Green River, WY | October 2022

Since access is currently limited to a few points of entry, fishermen and guide services congest and heavily impact the area, leading to waste pollution due to a lack of outhouses, soil erosion from boats and vehicles, dense human presence that drives wildlife away from the area, and acute over-fishing. WWF began installing two access points while working with a contractor in the area to improve this habitat and access.

Fence Posts Stack

Arlington Fence Removal

Pinedale, WY | June 12, 2021

Located on the northern end of the Snowy Range, this project included taking down a mile of woven sheep fence with another four strands of barb wire on top of the woven wire, as well as taking out all posts and poles to improve movement for wildlife in the area.

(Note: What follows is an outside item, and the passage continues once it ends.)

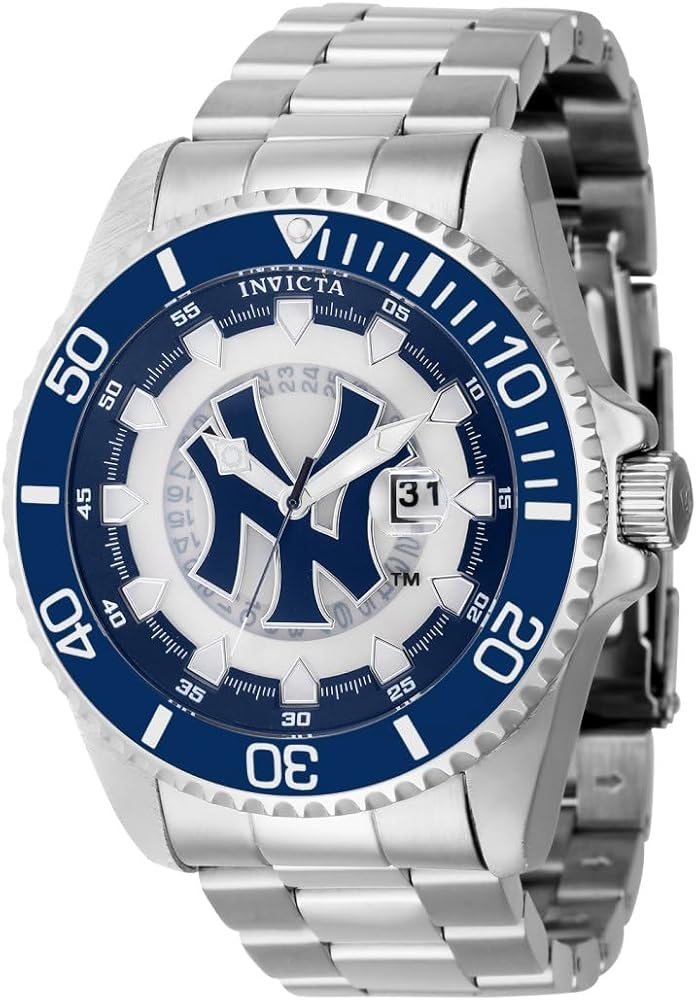 Invicta Men's 43472 MLB New York Yankees Quartz Silver, White, Blue Dial Watch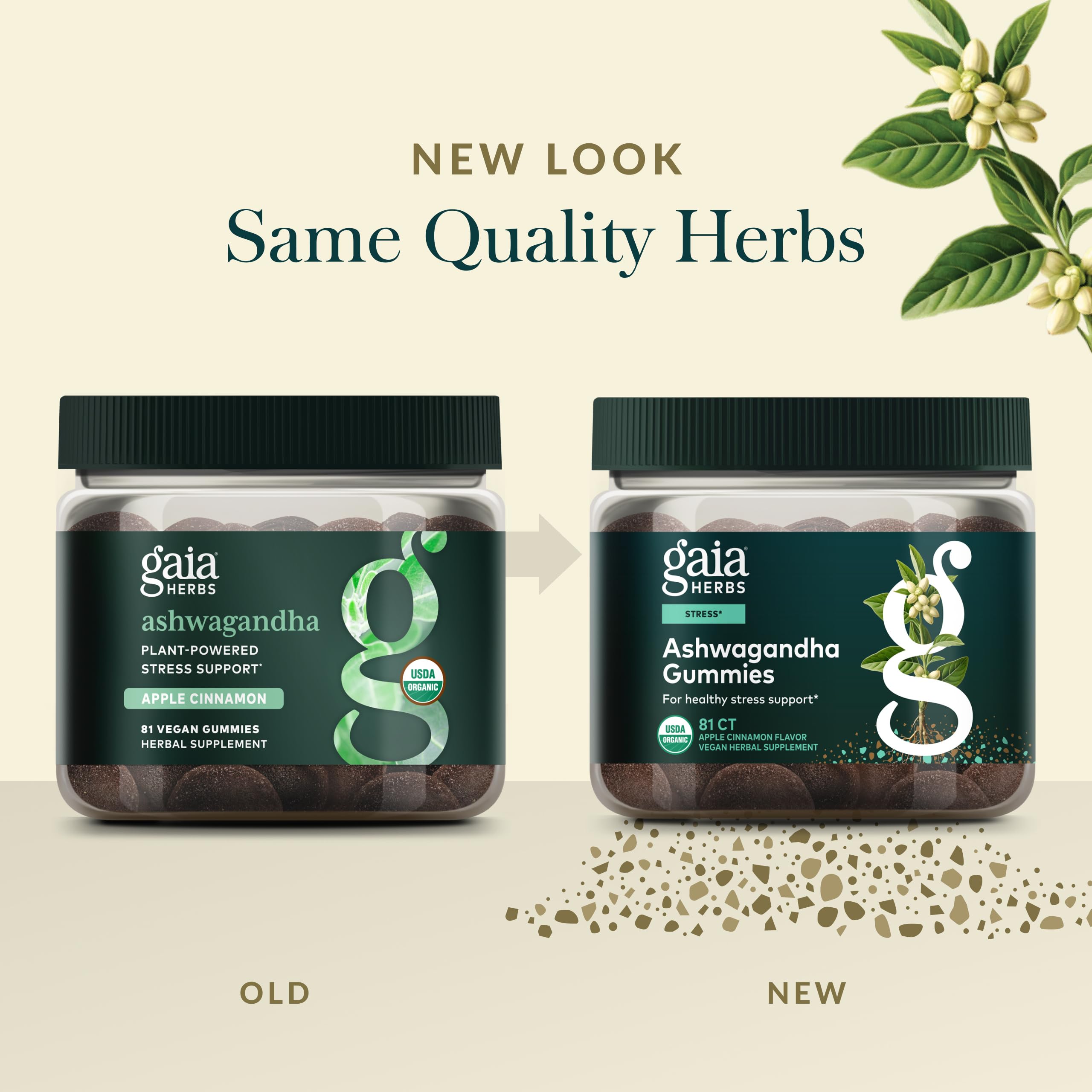 Gaia Herbs Organic Ashwagandha Gummies with a measuring spoon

Installing Let Down Fencing

Jonah Field Fence Improvement

Pinedale, WY | August 6, 2021

The Federation teamed up with the folks from Jonah Energy for a field day on August 6, 2021 to add clips to the existing fences in the area. This project modified four miles of the non-wildlife friendly fence into a wildlife-friendly fence. The lower wire can now be lifted higher off the ground in times when the allotments are not in use to make it easier for the Sublette pronghorn herd to get across the landscape for migration.


La Barge Let-down Fence Project

La Barge, WY | July 18, 2020

The Wyoming Wildlife Federation joined with local landowners at the Diamond H, and members of SOS Well Services to install let-down fencing on the La Barge livestock common allotment. The fencing is laid down to improve migration movements for deer and elk.